Available data:
Segment Open
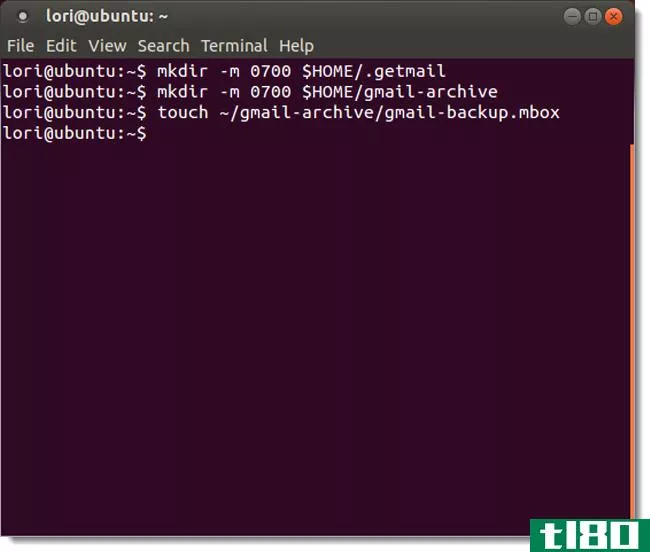 如何用你的ubuntu电脑备份你的gmail帐号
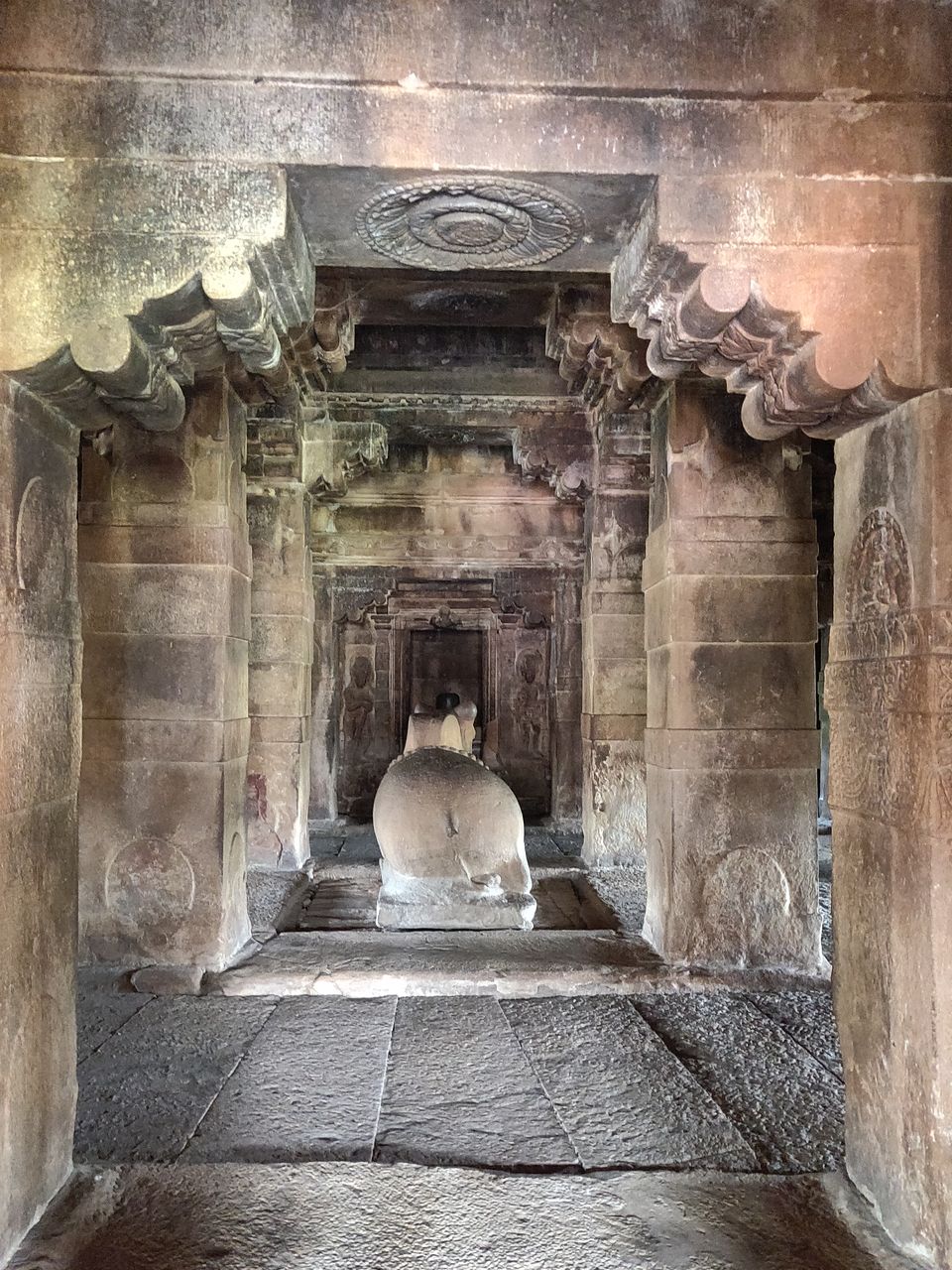Photo of Lad Khan Temple, Aihole, Karnataka, India by Aishwarya Rao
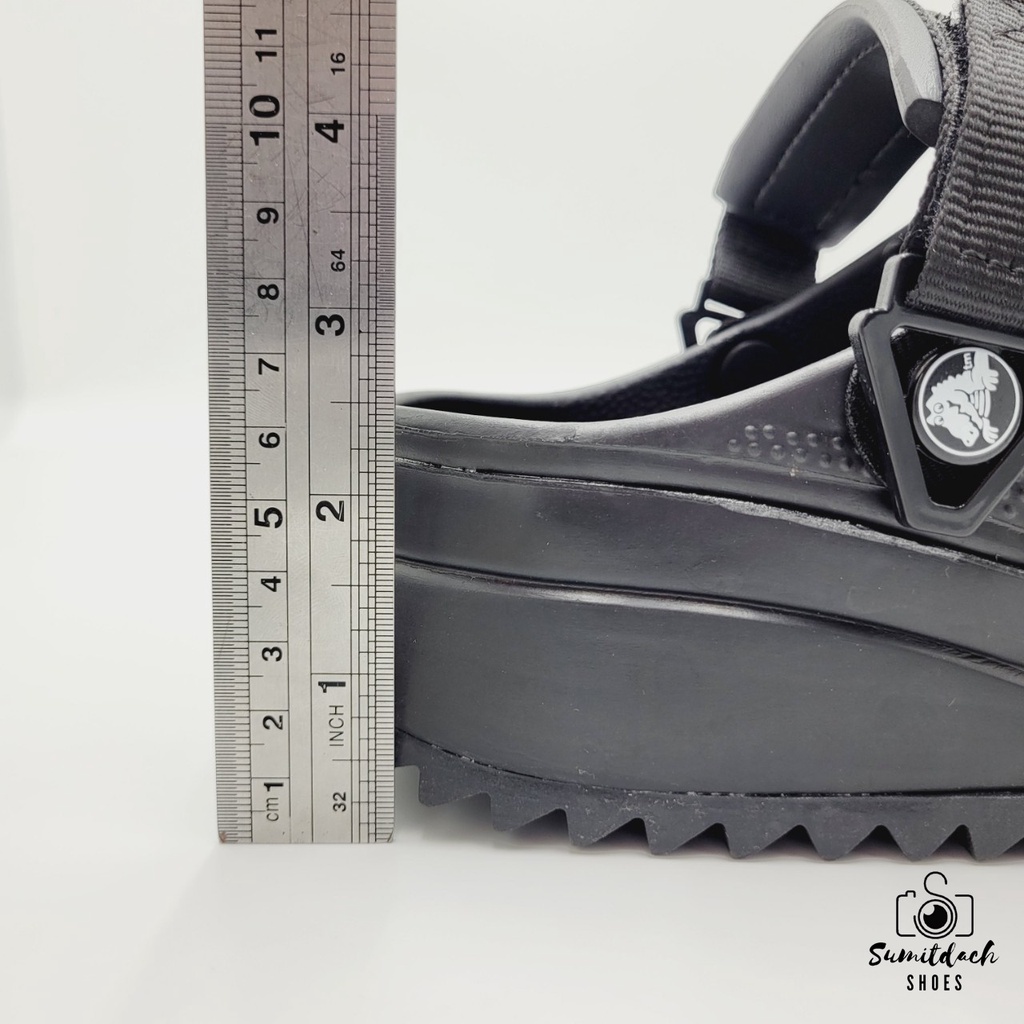 พร้อมส่ง !!! รองเท้าลำลองแฟชั่น สไตล์ Crocs Classic Hiker Clog (Unisex) #4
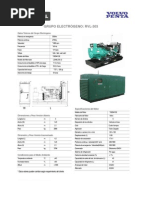 Generador de 280 KW - RVL303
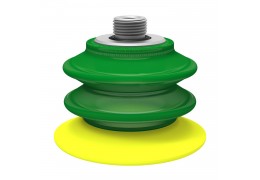  Suction cup BX75P Polyurethane 30/60 2.5 Bellows with filter, G3/8" male - 1/8" NPSF female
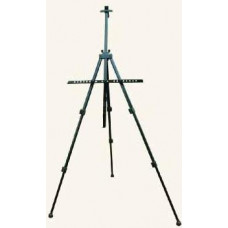 Мольберт - тренога алюминиевая (110х85х157 см), 15182, цвет черный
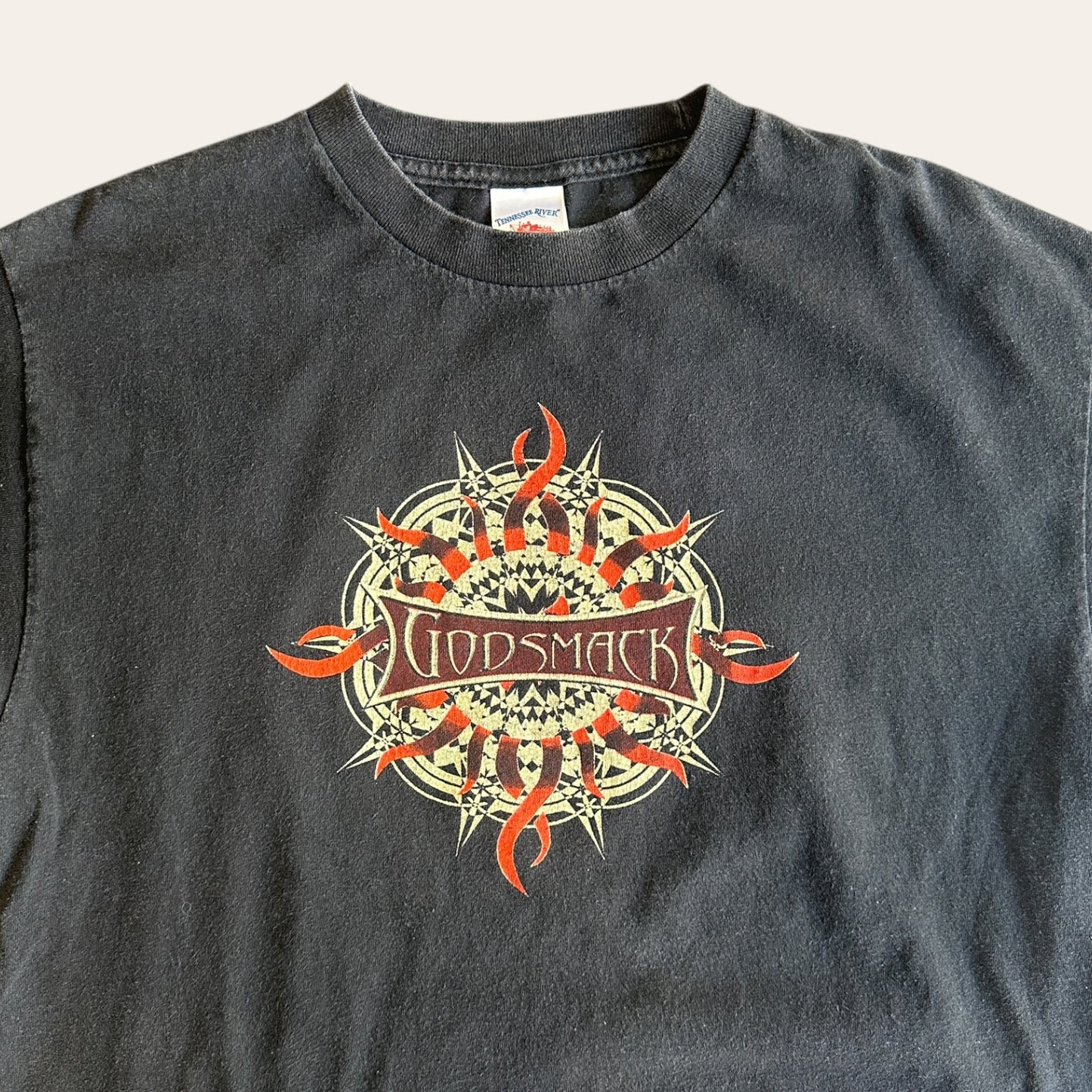 06' Godsmack Tour Tee Black Size L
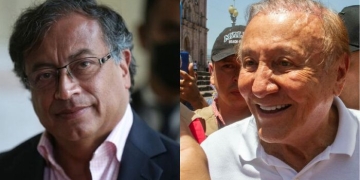 gustavo petro y rodolfo hernandez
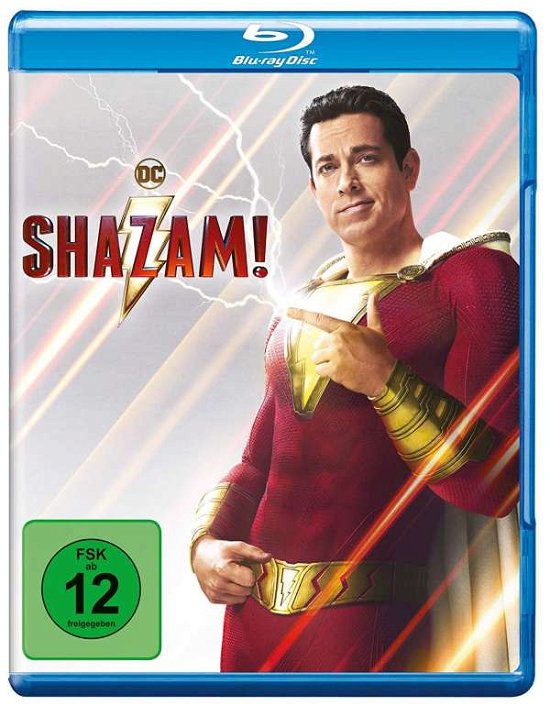 Cover for Zachary Levi,mark Strong,asher Angel · Shazam! (Blu-ray) (2019)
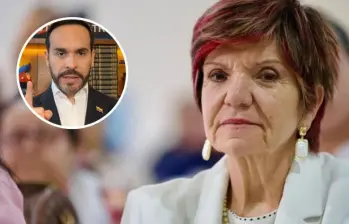 La reacción se produjo después de que De la Espriella reiterara sus críticas contra Rodrigo Londoño y la Jurisdicción Especial para la Paz (JEP), al asegurar que el exjefe de las Farc debería estar en prisión y que trabajará para que responda ante la justicia. FOTOS: COLPRENSA.
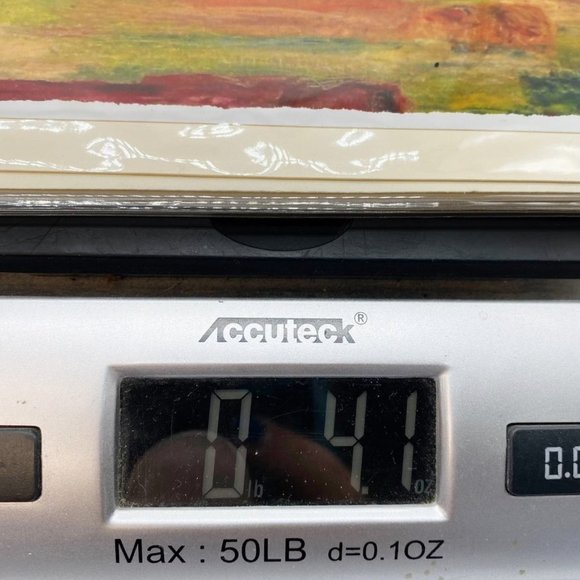 Art Print Blank Note Cards Sealed w Envelope New “Among Kings” Abstract Artwork - Picture 4 of 4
Segment Closed
Your assignment: Among the entries above, take the line with "Generador de 280 KW - RVL303", the line with "Cover for Zachary", and all the lines between them, and restate them word for word without pictures.

Response to the task:
 Generador de 280 KW - RVL303
  Suction cup BX75P Polyurethane 30/60 2.5 Bellows with filter, G3/8" male - 1/8" NPSF female
 Мольберт - тренога алюминиевая (110х85х157 см), 15182, цвет черный
 06' Godsmack Tour Tee Black Size L
 gustavo petro y rodolfo hernandez
 Cover for Zachary Levi,mark Strong,asher Angel · Shazam! (Blu-ray) (2019)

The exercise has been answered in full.